Keesokan paginya udara terasa basah-begitu basah, hingga pencinta golf nomor satu pun tidak bakal antusias untuk berlaga. Jack bangun selambat mungkin, makan sarapan cepat-cepat, lari mengejar kereta api, dan sekali lagi memeriksa surat kabar dengan penuh semangat. Masih tetap tidak ada berita apa pun tentang penemuan menghebohkan. Begitu pula halnya ketika ia memeriksa surat kabar sore.
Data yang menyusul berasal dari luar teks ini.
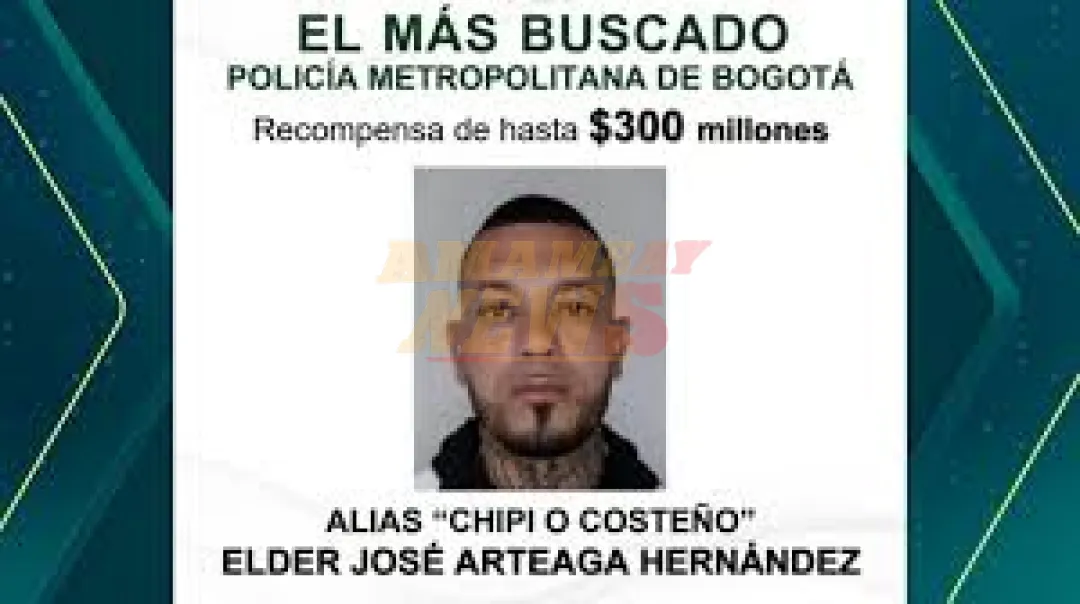 Ofrecen recompensa de 73 mil dólares para detener a "Chipi", autor intelectual del ataque contra Miguel Uribe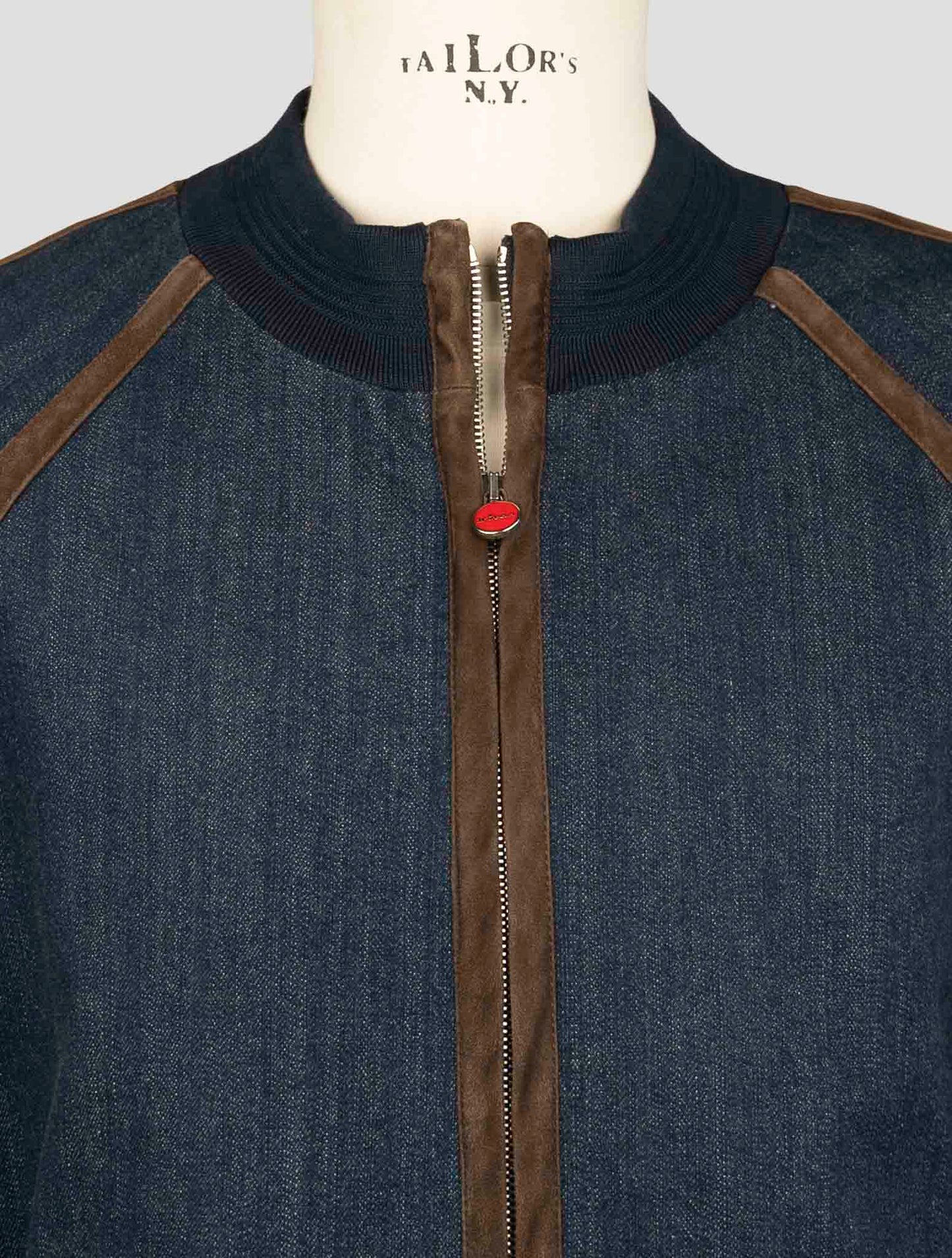 Kiton Blue Cotton Ea Coat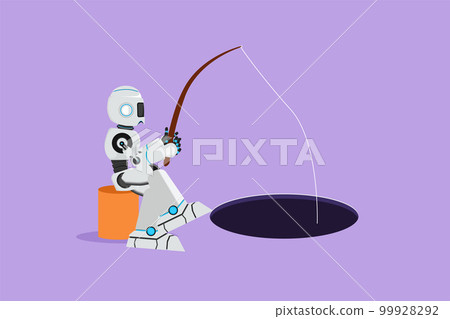 Graphic flat design drawing of robot sit and holding fishing rod from hole. Make money from idea. Future technology. Artificial intelligence machine learning process. Cartoon style vector illustration Graphic flat design drawing of robot sit and holding fishing rod from hole. Make money from idea. Future technology. Artificial intelligence machine learning process. Cartoon style vector illustration 99928292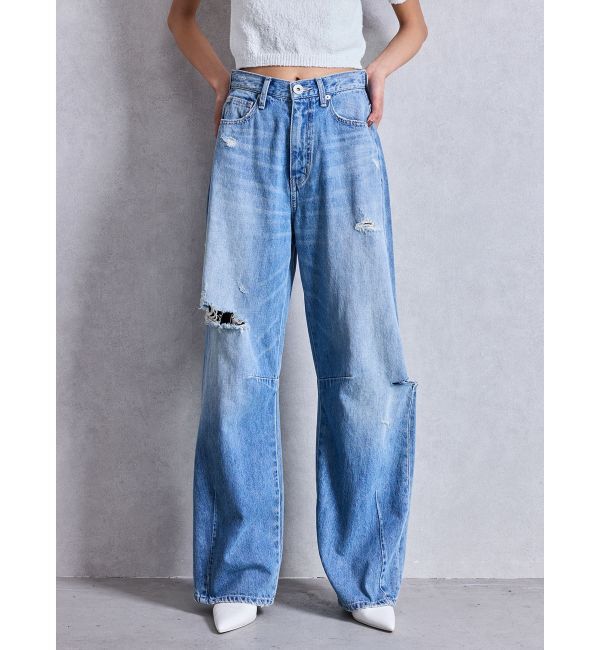 GYDA「ハイウエストGG Stitch Barrel Leg ダメージデニムパンツ」|デニム|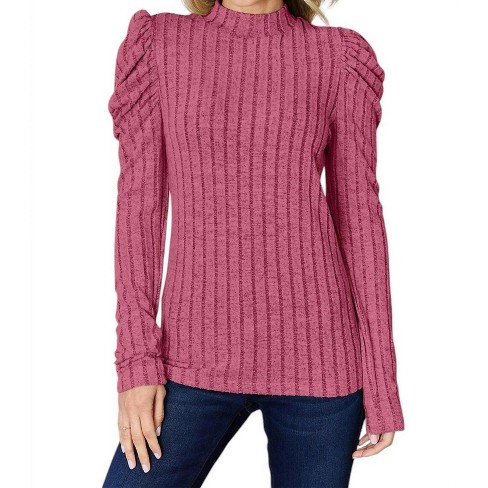 Women's Ribbed Mock Neck Top With Puff Sleeves - Basic Bae - image 1 of 4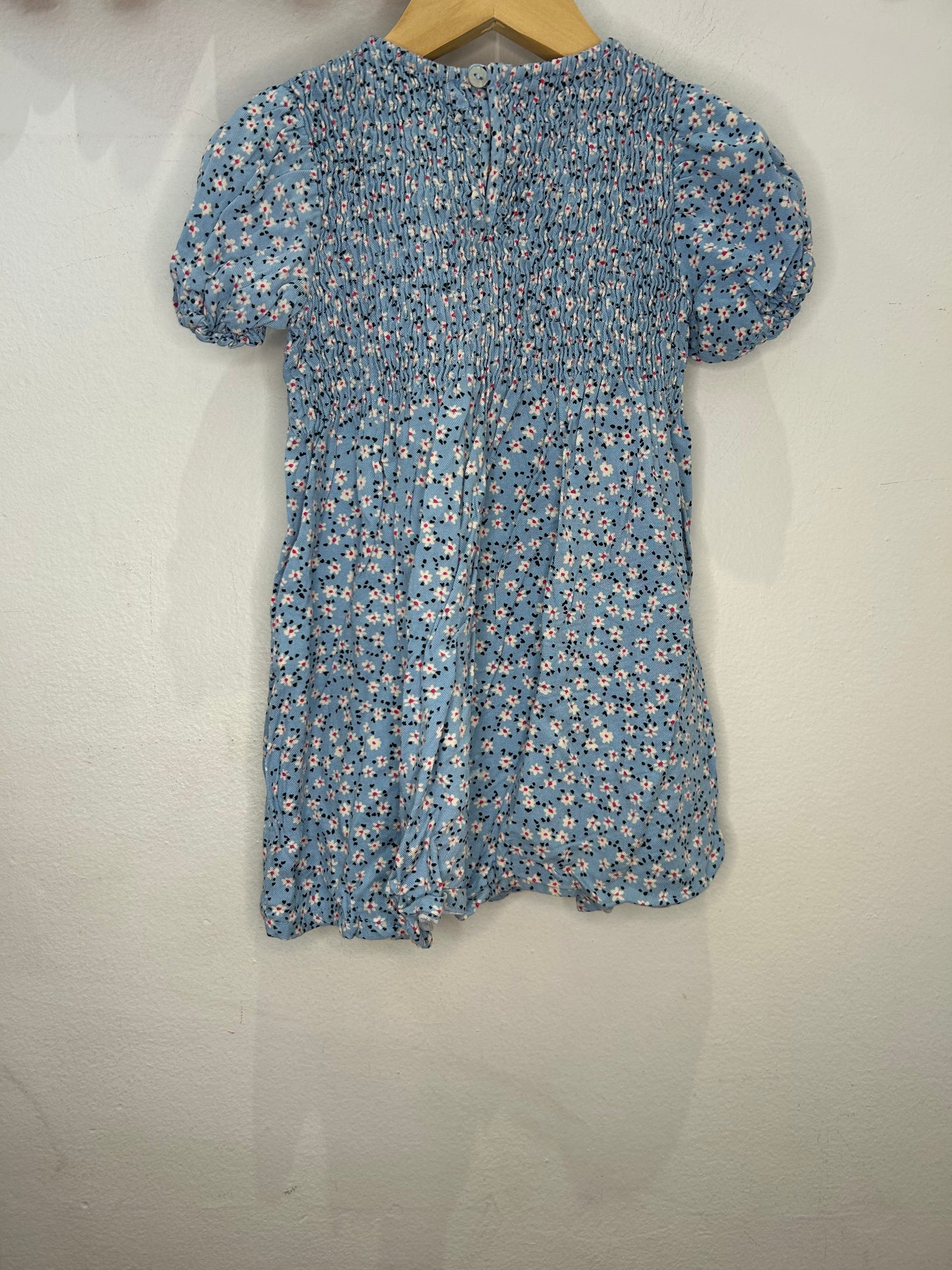 Smocked blue flowers 2-3y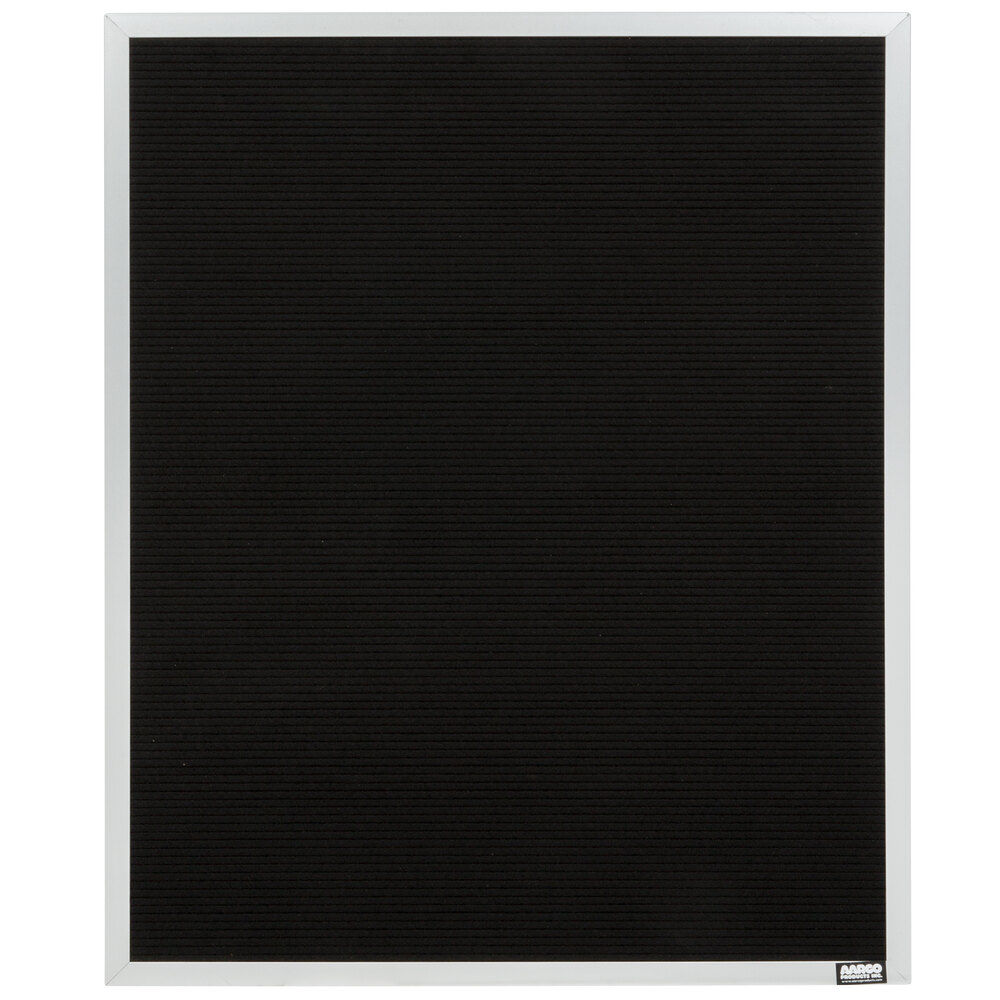 Aarco BOFD3024L 30" x 24" Black Felt Open Face Vertical Indoor Message Board with Aluminum Frame and 3/4" Letters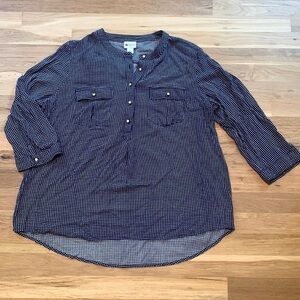 STYLUS Crewneck 1/2 Button 3/4 Sleeve Relaxed Fit Blouse Blue White Women’s XL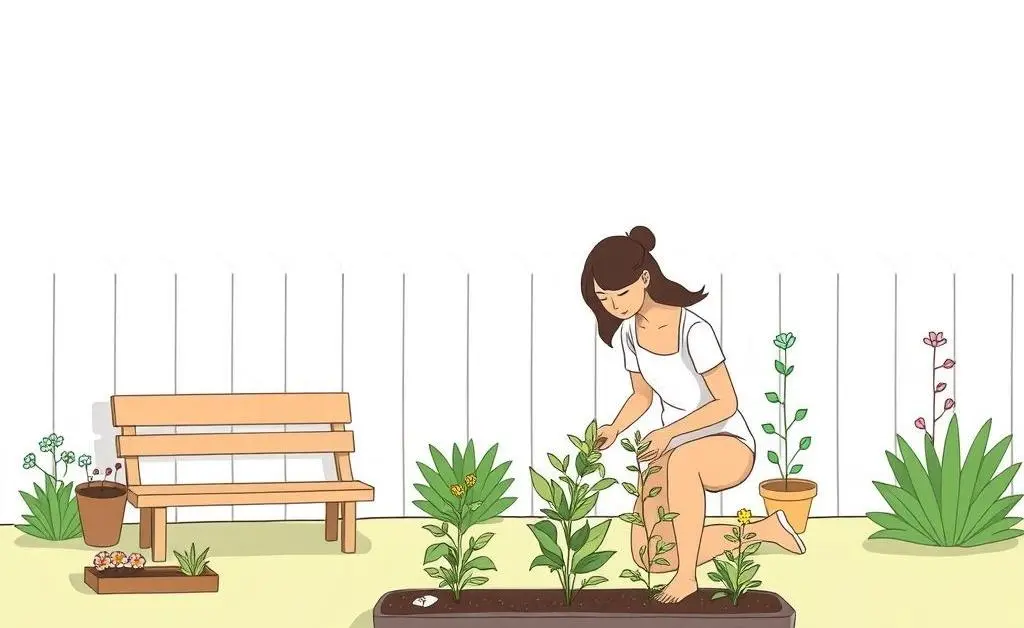 A minimalist illustration of a couple gardening together in their backyard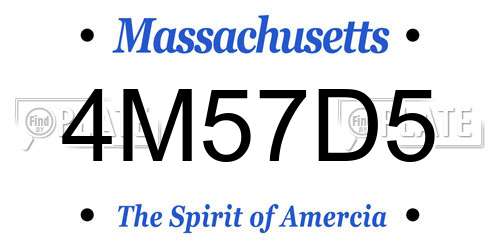 4M57D5 Massachusetts License Plate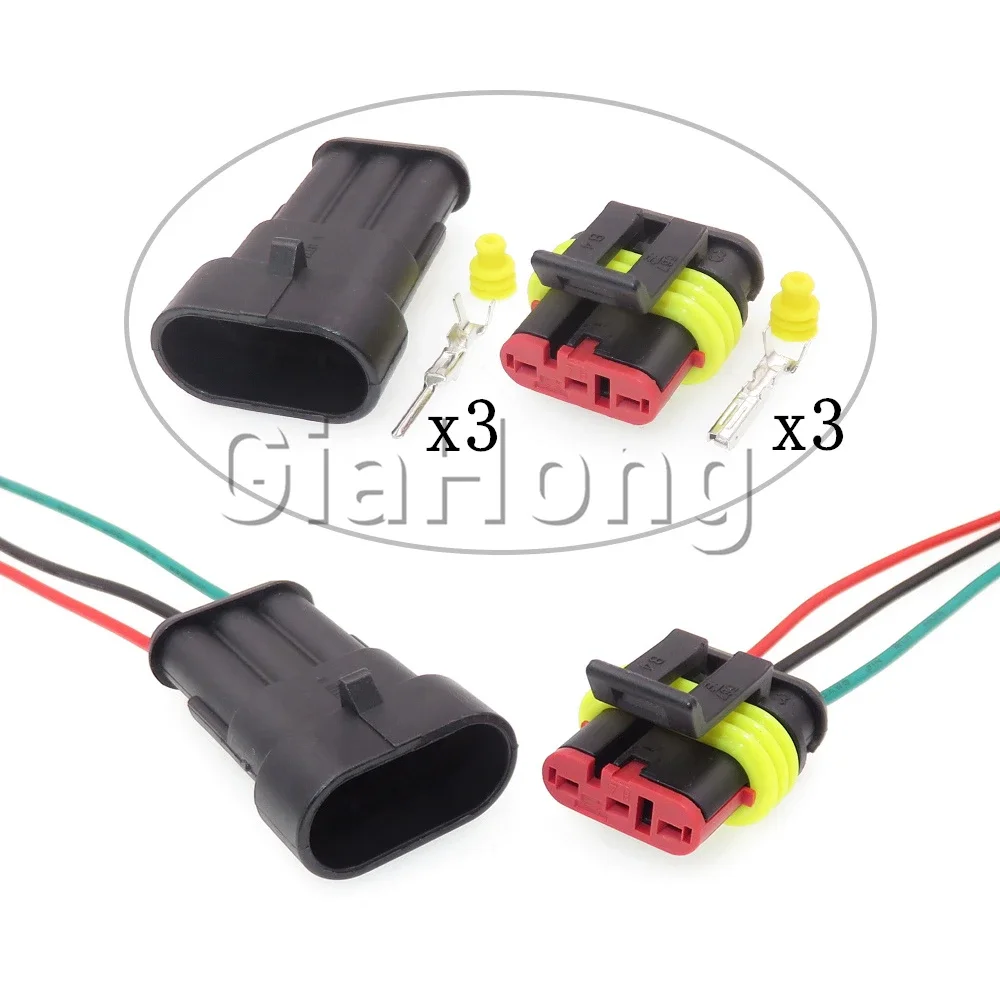 1 Set 3 Ways Auto Parts 282087-1 Car Wire Cable Socket 282105-1 Automobile Electrical Connector AC Assembly
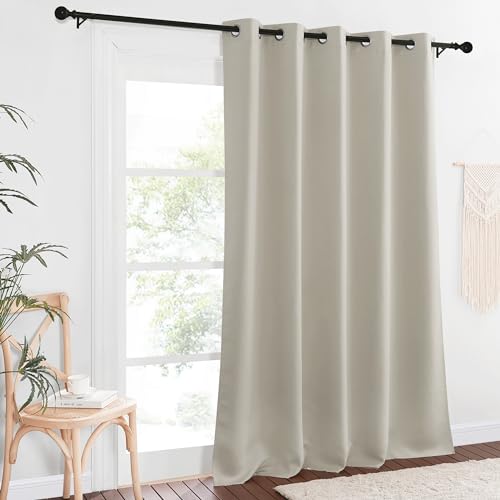 NICETOWN Blackout Natural Window Treatment for Living Room - Energy Saving Thermal Insulated Solid Grommet Sound Reducing Room Darkening Curtain for Bedroom (1 Panel, W66 x L102)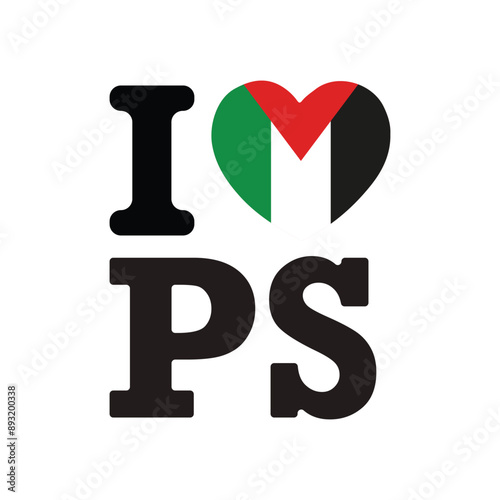 I Love PS Palestine Design for TShirts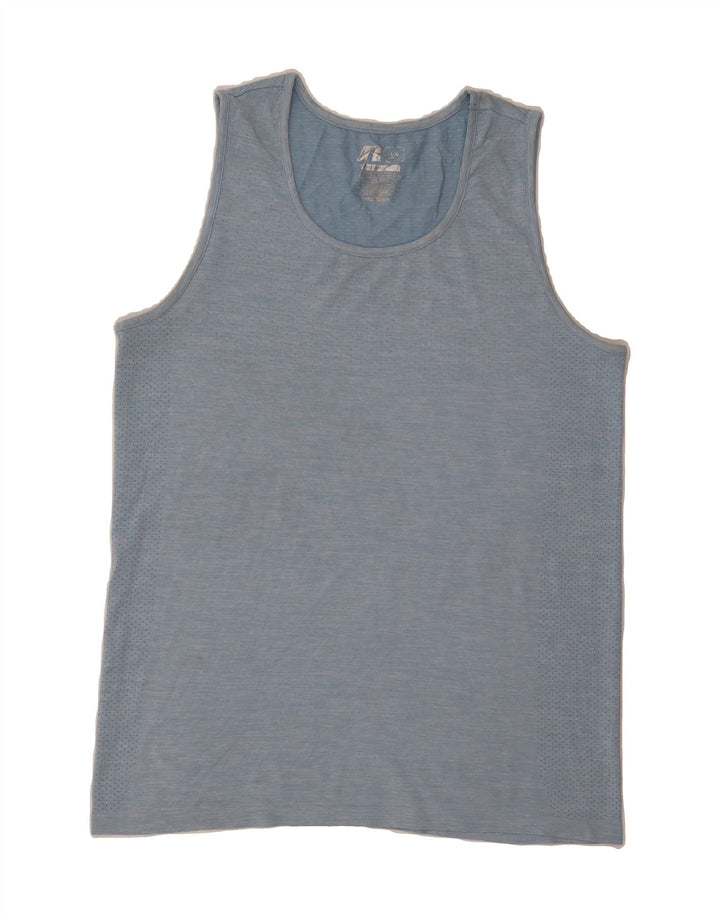 RUSSELL ATHLETIC Mens Vest Top UK 42/44 Large Blue Nylon Vintage Russell Athletic and Second-Hand Russell Athletic from Messina Hembry 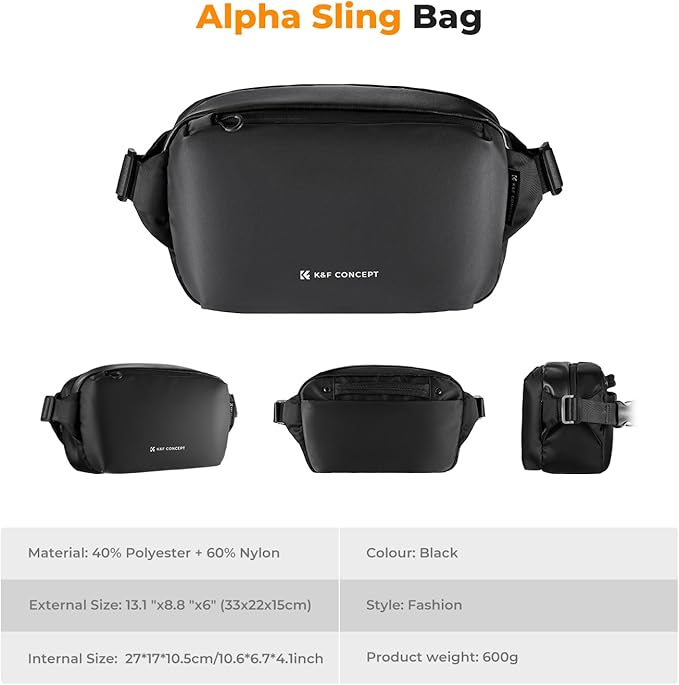 K&F CONCEPT Camera Sling Bag Crossbody Bag Waterproof Camera Shoulder Backpack DSLR/SLR/Mirrorless Camera Case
      “Aneh,” pikir Jack, “tapi jeritan itu benar-benar kudengar. Kemungkinan cuma anak-anak kecil yang bermain bersama-sama di dalam hutan.”
      Ia keluar rumah pagi-pagi keesokan harinya. Ketika melewati pondok itu, dari sudut matanya ia melihat si gadis sudah ada di kebun lagi, sedang mencabuti rumput. Rupanya ini kebiasaannya.
      Jack melakukan pukulan pertama yang sangat bagus, dan berharap gadis itu memperhatikannya. Ketika hendak melakukan pukulan berikutnya, ia melihat arlojinya dulu. “Tepat jam tujuh lewat dua putuh lima menit,” gumamnya. “Aku ingin tahu...” Kalimatnya terhenti di bibir. Dari belakangnya terdengar jeritan yang sama, yang kemarin dulu begitu mengejutkannya. Jeritan seorang wanita yang sangat ketakutan.
      “Pembunuhan... tolong! Pembunuhan!”
      Jack berlari balik. Si gadis pansy sedang berdiri di dekat gerbang. Ia tampak terkejut, dan Jack lari menghampirinya dengan perasaan penuh kemenangan sambil berseru, “Kali ini Anda mendengarnya, kan?”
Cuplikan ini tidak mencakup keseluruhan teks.